A 11h24, la police a pris contact via X. «Trois otages viennent d'être libérés», avait-elle annoncé. » Toutefois, la situation n’est «pas encore terminée.» La chaîne publique NOS avait rapporté que trois jeunes portaient la tenue du café. La police avait précisé que les maisons – environ 150 logements – avaient été évacuées et le centre-ville fermé.
Experts en explosifs
Des forces de police spéciales et des experts en explosifs étaient mobilisés sur place. Il n'y avait pour le moment pas de signe d'une «motivation terroriste», a annoncé la police néerlandaise. «Nous voyons qu'il y a beaucoup de questions sur le motif. Pour l'instant, rien n'indique qu'il s'agisse d'un acte terroriste», avait déclaré ce matin la police dans un communiqué publié sur le réseau social X.
Parallèlement, la police avait appelé la population à éviter le centre de la ville, situé non loin d'Arnhem, dans la province de Gueldre. Les services ferroviaires dans la zone touchée avaient été suspendus.
Série d'attentats aux Pays-Bas
Les Pays-Bas ont connu une série d'attentats et de complots terroristes, mais pas à l'échelle de ce qu'ont subi d'autres pays européens, comme la France ou la Grande-Bretagne. En 2019, le pays a été endeuillé par une fusillade dans un tramway de la ville d'Utrecht, qui a fait quatre morts.

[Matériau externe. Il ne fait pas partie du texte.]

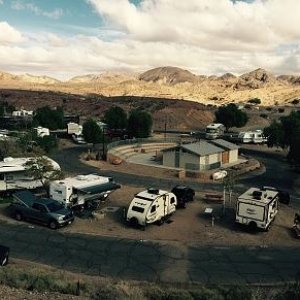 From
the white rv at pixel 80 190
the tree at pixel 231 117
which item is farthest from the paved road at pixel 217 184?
the tree at pixel 231 117

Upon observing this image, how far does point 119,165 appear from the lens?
51.4 metres

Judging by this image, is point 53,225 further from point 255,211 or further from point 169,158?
point 169,158

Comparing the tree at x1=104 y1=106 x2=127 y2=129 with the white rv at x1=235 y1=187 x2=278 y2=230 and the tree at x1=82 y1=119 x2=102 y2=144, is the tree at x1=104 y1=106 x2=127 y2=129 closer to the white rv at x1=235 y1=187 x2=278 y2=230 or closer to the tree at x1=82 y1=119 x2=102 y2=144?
the tree at x1=82 y1=119 x2=102 y2=144

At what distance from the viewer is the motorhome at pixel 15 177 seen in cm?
3459

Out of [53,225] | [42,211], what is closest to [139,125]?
[42,211]

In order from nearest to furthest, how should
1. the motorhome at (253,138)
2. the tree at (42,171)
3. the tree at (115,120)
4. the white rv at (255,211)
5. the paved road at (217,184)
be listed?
the white rv at (255,211) → the tree at (42,171) → the paved road at (217,184) → the motorhome at (253,138) → the tree at (115,120)

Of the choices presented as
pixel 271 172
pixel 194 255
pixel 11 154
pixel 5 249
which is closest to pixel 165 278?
pixel 194 255

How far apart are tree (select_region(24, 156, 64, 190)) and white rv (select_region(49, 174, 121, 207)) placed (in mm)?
2145

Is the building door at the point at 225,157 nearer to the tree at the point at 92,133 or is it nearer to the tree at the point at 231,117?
the tree at the point at 92,133

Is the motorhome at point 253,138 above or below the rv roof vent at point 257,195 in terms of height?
below

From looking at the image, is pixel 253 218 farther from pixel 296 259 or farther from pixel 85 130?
pixel 85 130

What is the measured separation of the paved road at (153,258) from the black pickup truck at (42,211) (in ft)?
3.14

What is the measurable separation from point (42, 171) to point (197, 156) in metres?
20.4

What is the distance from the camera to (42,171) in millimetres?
34750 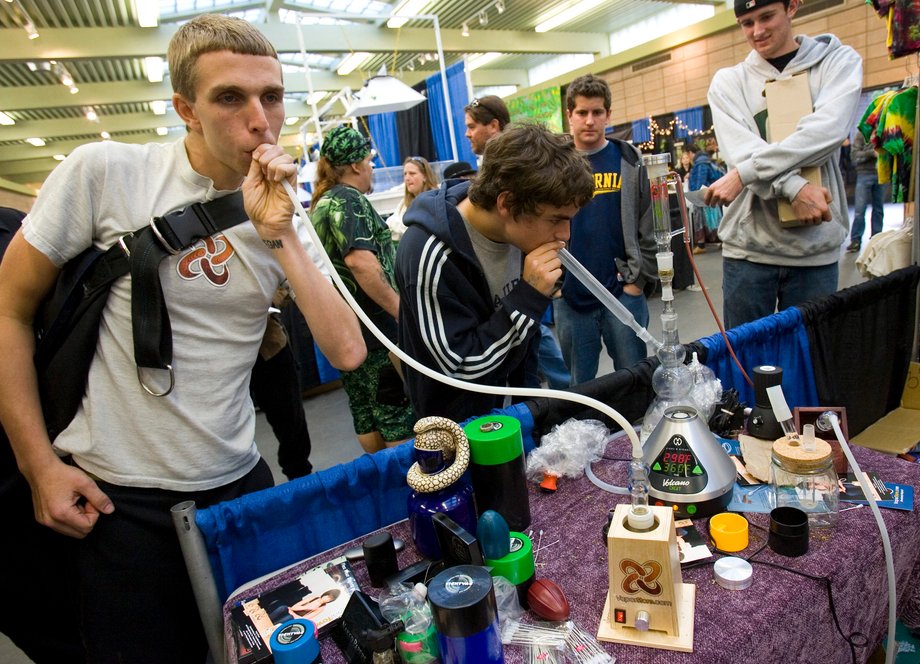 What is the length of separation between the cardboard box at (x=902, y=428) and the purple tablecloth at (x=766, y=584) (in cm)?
75

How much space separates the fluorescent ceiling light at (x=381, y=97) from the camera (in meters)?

Un homme d'origine turque, identifié comme Gokmen Tanis, a par la suite avoué avoir eu un mobile terroriste pour cette attaque qui avait conduit à boucler la quatrième plus grande ville du pays. Toujours en 2019, la police néerlandaise a inculpé deux djihadistes présumés pour avoir planifié un attentat terroriste impliquant l'intervention de kamikazes et de voitures piégées. Les autorités ont déclaré qu'un attentat avait été planifié cette année-là.
Un jeune Afghan identifié comme «Jawed S.» a poignardé deux touristes américains à la gare centrale d'Amsterdam en 2018, déclarant plus tard aux juges qu'il voulait «protéger le prophète Mahomet». L'agression s'était produite un jour après que l'homme politique néerlandais d'extrême droite Geert Wilders avait annoncé annuler son projet d'organiser un concours de dessins visant à caricaturer le prophète Mahomet.
À l'époque, le porte-parole des talibans afghans, Zabihullah Mujahid, avait exhorté les musulmans à attaquer les troupes néerlandaises après «l'acte hostile de ce pays (les Pays-Bas) à l'encontre de tous les musulmans». En 2004, le cinéaste néerlandais Theo van Gogh avait été assassiné à Amsterdam par un homme ayant des liens avec un réseau terroriste islamiste néerlandais.